From the Guidelines
Severe hyperkalemia, typically defined as a potassium level above 6.5 mEq/L (or mmol/L), can cause cardiac arrest, though cardiac effects may begin at lower levels. Potassium levels between 6.0-7.0 mEq/L are considered dangerous, with increasing risk of fatal cardiac arrhythmias as levels rise. The heart is particularly vulnerable to high potassium because it disrupts normal electrical conduction by affecting the resting membrane potential of cardiac cells. This leads to a progression of ECG changes: tall, peaked T waves initially, followed by PR prolongation, P wave flattening, QRS widening, and eventually sine wave pattern and asystole.
Key Considerations
- The clinical signs associated with severe hyperkalemia include flaccid paralysis, paresthesia, depressed deep tendon reflexes, or shortness of breath 1.
- Emergency treatment for severe hyperkalemia includes calcium gluconate to stabilize cardiac membranes, insulin to shift potassium into cells, sodium bicarbonate if acidotic, and beta-agonists like albuterol 1.

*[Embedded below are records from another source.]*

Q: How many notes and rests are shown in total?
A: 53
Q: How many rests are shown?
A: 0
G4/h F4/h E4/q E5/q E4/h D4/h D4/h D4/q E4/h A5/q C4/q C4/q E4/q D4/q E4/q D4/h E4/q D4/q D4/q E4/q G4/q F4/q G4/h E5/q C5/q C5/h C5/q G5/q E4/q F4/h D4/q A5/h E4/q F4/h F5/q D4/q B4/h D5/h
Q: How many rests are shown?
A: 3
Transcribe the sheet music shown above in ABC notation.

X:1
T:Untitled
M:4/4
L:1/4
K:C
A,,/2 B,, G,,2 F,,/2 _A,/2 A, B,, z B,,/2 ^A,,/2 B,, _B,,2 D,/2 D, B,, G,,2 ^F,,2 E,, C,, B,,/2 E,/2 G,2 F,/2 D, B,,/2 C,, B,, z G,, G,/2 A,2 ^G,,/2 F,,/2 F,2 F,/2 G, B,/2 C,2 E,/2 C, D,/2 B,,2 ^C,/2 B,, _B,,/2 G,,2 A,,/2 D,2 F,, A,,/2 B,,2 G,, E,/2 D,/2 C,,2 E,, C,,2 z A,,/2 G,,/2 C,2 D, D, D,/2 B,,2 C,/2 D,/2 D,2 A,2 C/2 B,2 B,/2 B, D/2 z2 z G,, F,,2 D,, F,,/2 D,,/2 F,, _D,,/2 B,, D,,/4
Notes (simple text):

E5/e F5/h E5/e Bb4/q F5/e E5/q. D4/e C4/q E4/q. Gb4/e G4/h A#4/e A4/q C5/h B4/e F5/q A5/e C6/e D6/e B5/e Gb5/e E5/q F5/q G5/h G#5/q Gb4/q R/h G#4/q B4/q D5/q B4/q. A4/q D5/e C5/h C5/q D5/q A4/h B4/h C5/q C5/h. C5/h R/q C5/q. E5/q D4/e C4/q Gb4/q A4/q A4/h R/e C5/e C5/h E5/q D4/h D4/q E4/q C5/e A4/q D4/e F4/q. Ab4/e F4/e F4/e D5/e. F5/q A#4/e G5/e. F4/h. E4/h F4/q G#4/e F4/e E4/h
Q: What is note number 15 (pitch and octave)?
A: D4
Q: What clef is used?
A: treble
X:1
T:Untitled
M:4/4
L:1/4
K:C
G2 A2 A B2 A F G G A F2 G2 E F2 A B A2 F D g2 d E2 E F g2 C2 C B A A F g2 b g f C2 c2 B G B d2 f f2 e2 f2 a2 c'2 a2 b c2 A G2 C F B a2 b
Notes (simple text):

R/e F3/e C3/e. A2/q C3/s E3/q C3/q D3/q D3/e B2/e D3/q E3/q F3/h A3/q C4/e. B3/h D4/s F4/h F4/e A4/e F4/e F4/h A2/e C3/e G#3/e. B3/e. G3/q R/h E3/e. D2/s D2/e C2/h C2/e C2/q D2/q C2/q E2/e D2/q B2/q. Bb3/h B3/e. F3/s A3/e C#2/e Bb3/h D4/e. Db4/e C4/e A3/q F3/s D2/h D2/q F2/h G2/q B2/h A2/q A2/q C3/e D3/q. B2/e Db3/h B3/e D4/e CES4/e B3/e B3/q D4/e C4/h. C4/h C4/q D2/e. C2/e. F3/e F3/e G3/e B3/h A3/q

- Patients with chronic kidney disease, those taking certain medications (ACE inhibitors, potassium-sparing diuretics), or those with adrenal insufficiency are at higher risk and should monitor potassium levels regularly 1.
Treatment Approach
- Dialysis may be needed for very high levels or in patients with kidney failure, as it is the most effective way to remove excess potassium from the body 1.
- The treatment approach should be individualized based on the patient's underlying condition, the severity of hyperkalemia, and the presence of any symptoms or ECG changes.
- It is essential to note that the risk of cardiac arrest and arrhythmias increases with the severity of hyperkalemia, and prompt treatment is crucial to prevent these complications 1.
From the Research
Hyperkalemia and Cardiac Arrest
- Hyperkalemia is a condition where serum potassium levels exceed 5.5 mmol/l, which can lead to fatal dysrhythmias and muscular dysfunction 2.
- Severe hyperkalemia can cause cardiac arrest, with progressively more severe elevations in potassium leading to abnormalities in cardiac depolarization and repolarization and contractility 3.
- The level of potassium that can cause cardiac arrest is not strictly defined, but serum potassium levels above 5.0 mEq/L can lead to cardiac conduction disturbances and increase the risk of cardiac arrest 4.
Potassium Levels and Cardiac Effects
- Serum potassium levels above 5.5 mmol/l can lead to hyperkalemia, which can cause cardiac dysrhythmias and increase the risk of cardiac arrest 2.
- Potassium levels above 5.0 mEq/L can lead to cardiac conduction disturbances, including abnormalities in cardiac depolarization and repolarization and contractility 3, 4.
- Severe hyperkalemia, typically defined as serum potassium levels above 6.0-6.5 mEq/L, can lead to life-threatening cardiac arrhythmias and cardiac arrest 5, 6.
Treatment of Hyperkalemia
- Treatment of hyperkalemia includes measures to stabilize cardiac membranes, shift potassium from extracellular to intracellular stores, and promote potassium excretion 5.
- Acute treatment of hyperkalemia may include intravenous calcium, insulin, sodium bicarbonate, diuretics, and beta agonists, as well as dialysis in severe cases 5, 4, 6.
- Newer potassium binders, such as patiromer and sodium zirconium cyclosilicate, may be used in chronic or acute hyperkalemia 2, 4.